I co-moderate a stock market and finance forum Finance Manila and I recently did a poll of respondents to check how sensitive or indifferent they were to the performance of the US markets the previous night. My poll showed that as much as 2 out of every 3 respondents (and these were mostly Philippine investors and traders) showed some affection for the DOW’s result.

You can check out the details of this poll here.

This level of sensitivity is not surprising, considering that the Philippine stock market has a positive correlation to the performance of the DOW the previous night. In another study I conducted, I found that the general correlation of the PSE Index to the DOW is .30 positive for the last 10 years, and increased to .56 positive in more recent months (since 2007):

You can check out more of the analysis here.

This almost identical movement in both equity markets is simply reflective of the close knit relationships amongst all financial and speculative markets nowdays. The simple reason: the same people investing in stocks here and in the US, are the same people investing in commodities, bonds, and every other securitized asset across the world.

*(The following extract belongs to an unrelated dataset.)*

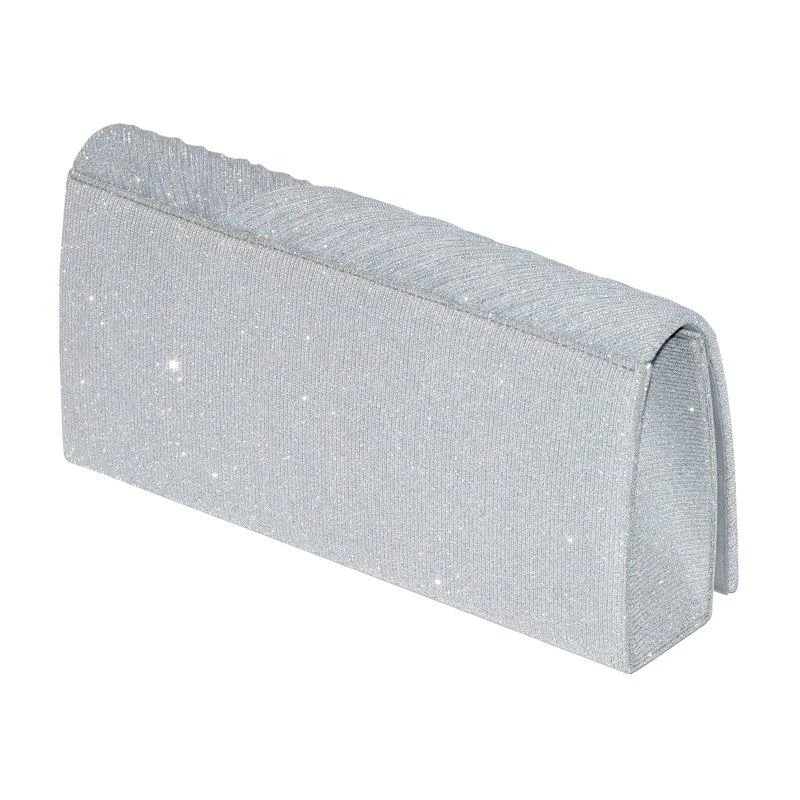 Club Rochelier Glitter Evening Bag With Pleats 2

For example, if we track the performance of Oil vs. the US Dollar in the last decade, we see an inverse relationship:

So the movements in various other financial markets is simply the movement of capital from one asset to another. Check out the other relationships here. In a latest CFTC report on Crude Oil, it showed that the level of participation in commodity markets, was heavily biased towards speculators rather than actual producers and manufacturers. This is the reason why, despite many compelling economic arguments for or against the rise in oil, the movement in price has behaved more according to the whim of speculators:

And how do speculators move? Well, that can be based on many factors, but primarily speculative funds move based on two things:

  • Where they can get more profits
  • Where they can avoid losses

And with the recent tumble of equity markes due to the bankruptcies of banks and investment banks, speculators initially sought refuge in commodities, which drove up prices of Gold, Oil, Wheat, and others in order to insulate them from initial losses in subprime mortgages and bank shares. But as the losses increased, speculators were also forced to sell their commodity holdings to help raise cash to pay for their margin calls in other investments.

This means, that even if there is no economic argument of why a bank’s loss can affect the price of fuel–that’s exactly what is happening now.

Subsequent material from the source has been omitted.